---------- Input data ----------
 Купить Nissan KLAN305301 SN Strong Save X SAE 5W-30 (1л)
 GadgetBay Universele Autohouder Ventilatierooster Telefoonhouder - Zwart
----------
---------- Input data ----------
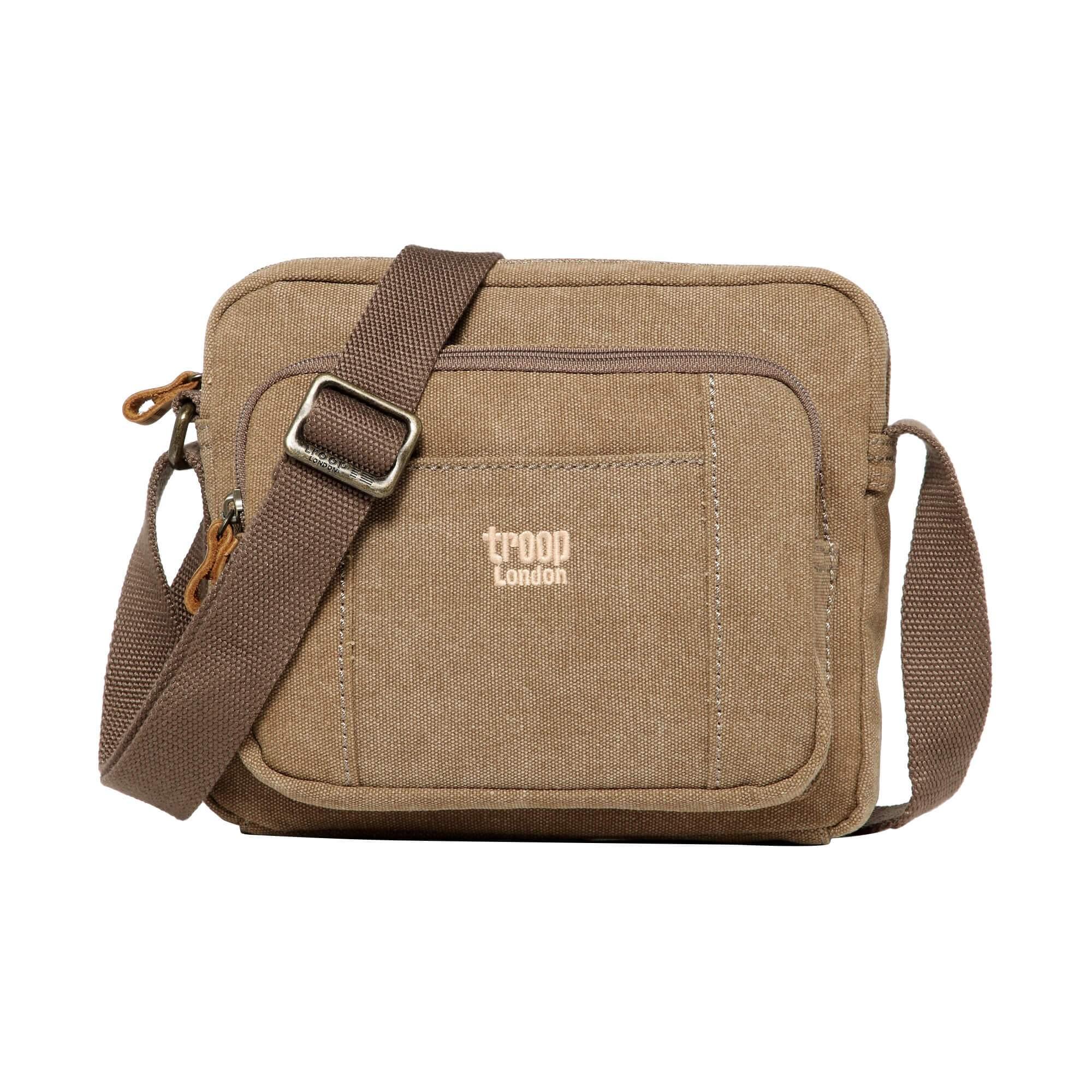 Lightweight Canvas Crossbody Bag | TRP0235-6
----------
* [Directions]:
Print exactly the lines of the listing above starting at the line containing "Купить Nissan KLAN305301" and ending at the line containing "GadgetBay Universele Autohouder", both included.

* [Answer box]:
 Купить Nissan KLAN305301 SN Strong Save X SAE 5W-30 (1л)
 GadgetBay Universele Autohouder Ventilatierooster Telefoonhouder - Zwart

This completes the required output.